Chapter News

Building a Labor Movement Shop by Shop

Bill Smaldone
April 4, 2021

Winning the right to form a union to collectively bargain with bosses over wages and working conditions should not be equated with the achievement of socialist reforms. Indeed, bargaining implies recognition of the other side’s legitimacy and implies compromise. Yet strong unions are essential to the fight for a socialist future. Unions are an organizational expression of labor solidarity as workers fight to raise their living standards, expand their workplace rights, and build better lives. They are a starting point for creating the democratic, cooperative economy of the future in which workers’ self-management plays an important role.

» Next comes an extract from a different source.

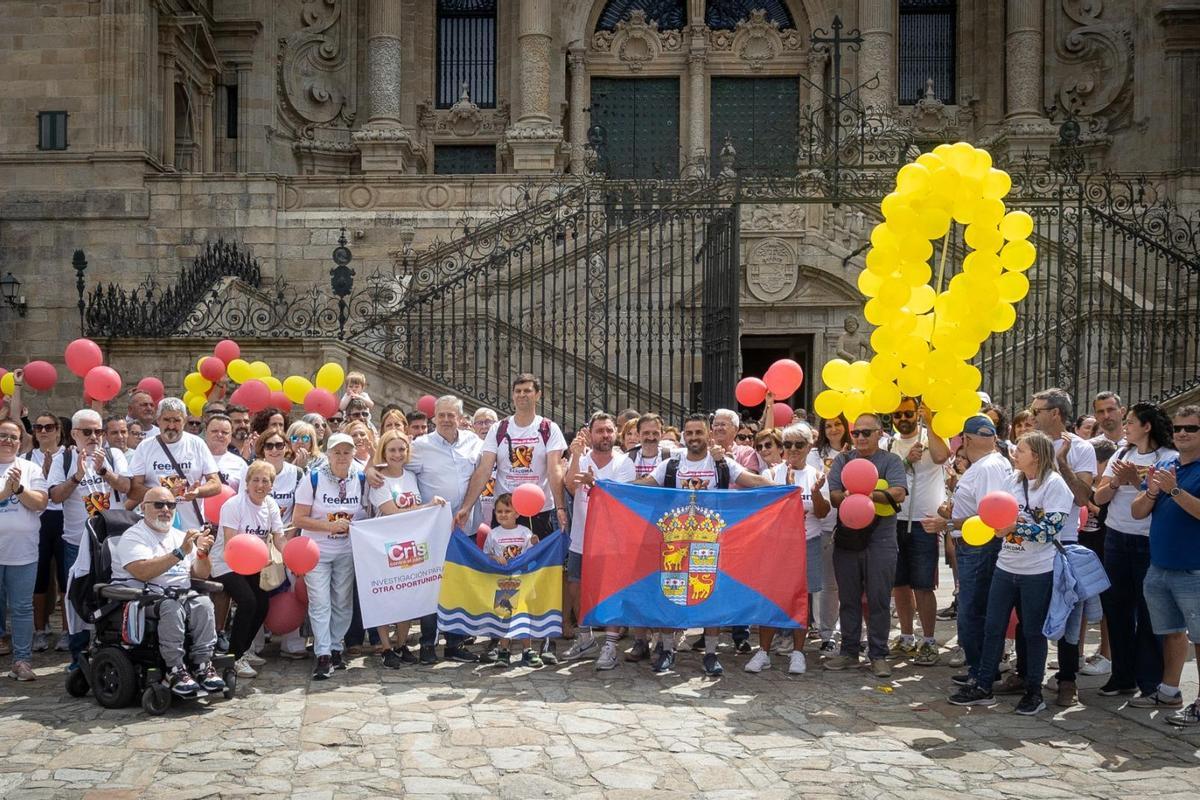 Foto de familia de los participantes en "El Camino de Raquel", este verano en Santiago de Compostela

Over the last fifty years, however, the percentage of unionized workers in the U.S. has fallen from over thirty percent of the labor force to about twelve percent. This development has many causes including the transfer of many heavily unionized manufacturing industries abroad and automation of the production process. Capital also has invested heavily in the difficult to organize service sector and, even more importantly, allied with the neo-liberal state to crush unions across the country to drive down workers’ wages and raise profits.

Although unions have been in retreat, they have not surrendered, and there are signs of hope. The mainstream press (fully owned by capital!) rarely reports on labor victories, but recently there have been a number of successes, some local, some national. For example, according to the Northwest Labor Press, newsroom employees at five newspapers in Washington state recently won union recognition from the McClatchy Newspaper chain. These are small shops totaling about 40 workers who will now be represented by the Communications Workers of America, which represents over 24,000 journalists at hundreds of publications.

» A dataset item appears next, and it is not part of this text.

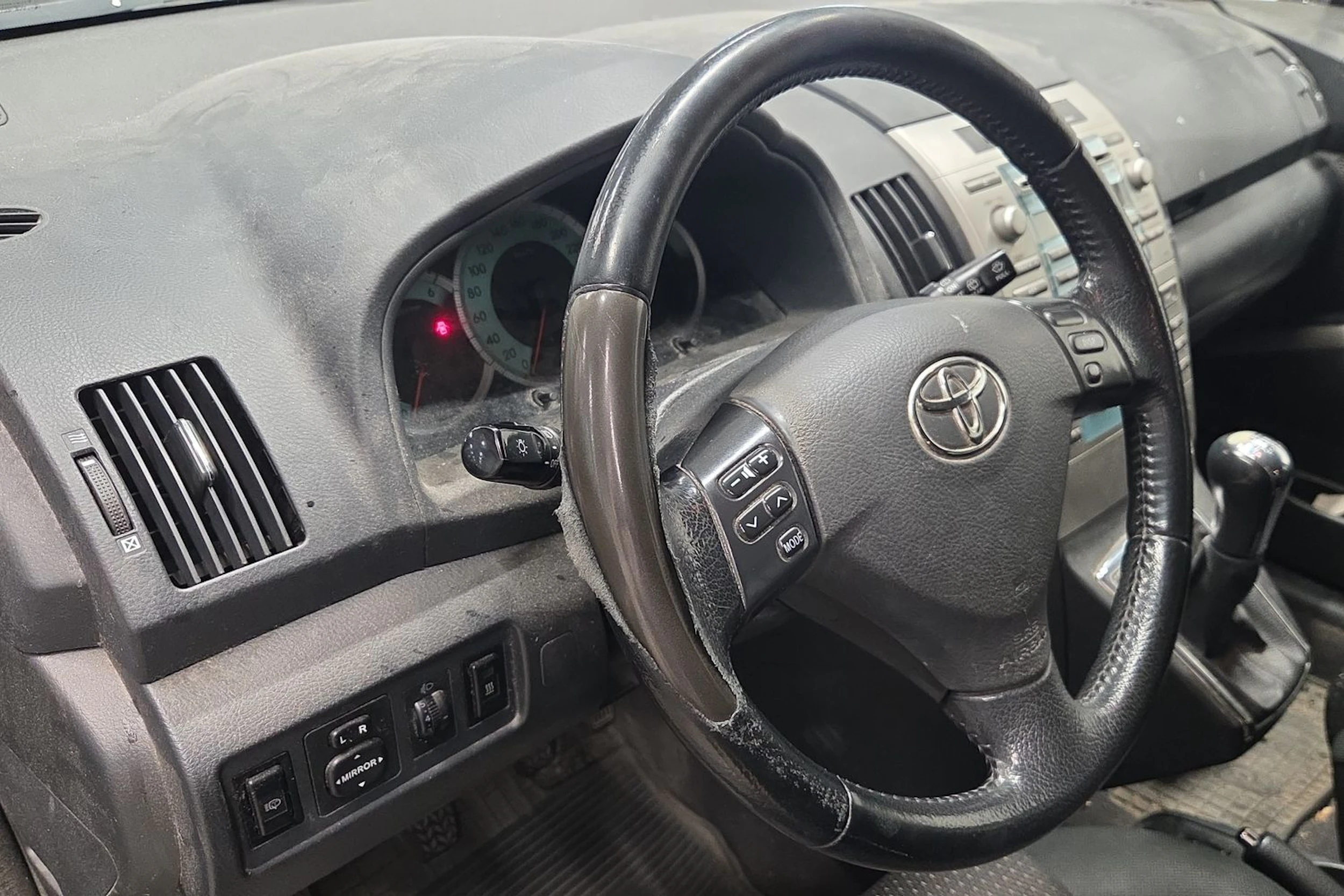 Harmaa Toyota Corolla Verso 2009 kuva 15.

On the national level, the new Democratic administration also seems intent on shoring up its labor support after decades of neglect. For the first time in forty years a former union leader, Marty Walsh of the Boston Building Trades Council, had been named Labor Secretary and, just weeks ago the National Labor Relations Board reversed a Trump-era-decision that blocked tens of thousands of student teaching assistants from forming unions at public and private universities across the country. Steps such as these, the administration’s commitment to protect organizers from employer retribution, and the revival of efforts to repeal McCarthy era laws that hinder labor organizing, could go far in reversing labor’s decline.

This month all eyes are on 6,000 Amazon workers in Bessemer, Alabama, who are trying to unionize against the will of one of the most anti-union corporations in the country in one of the nation’s most anti-union states. If the effort succeeds, it would be the first union success against a firm that employing over 2 million workers, and it would likely stimulate similar efforts elsewhere. Indeed, anti-union firms such as Home Depot, Lowes, and Walmart, which employ hundreds of thousands of warehouse and transport workers, are certainly on high alert as Amazon’s workers embark on “the most important union drive since the great depression,” as one organizer put it.

Rebuilding the labor movement will take time and the effort will surely encounter setbacks. Nevertheless, efforts such as these, in the context of a relatively labor-friendly administration, give one hope. A victory in Bessemer would go far to revive labor, but, whatever happens, it is only one shop. To succeed labor will have to expand its efforts everywhere, in shops large and small, across the country.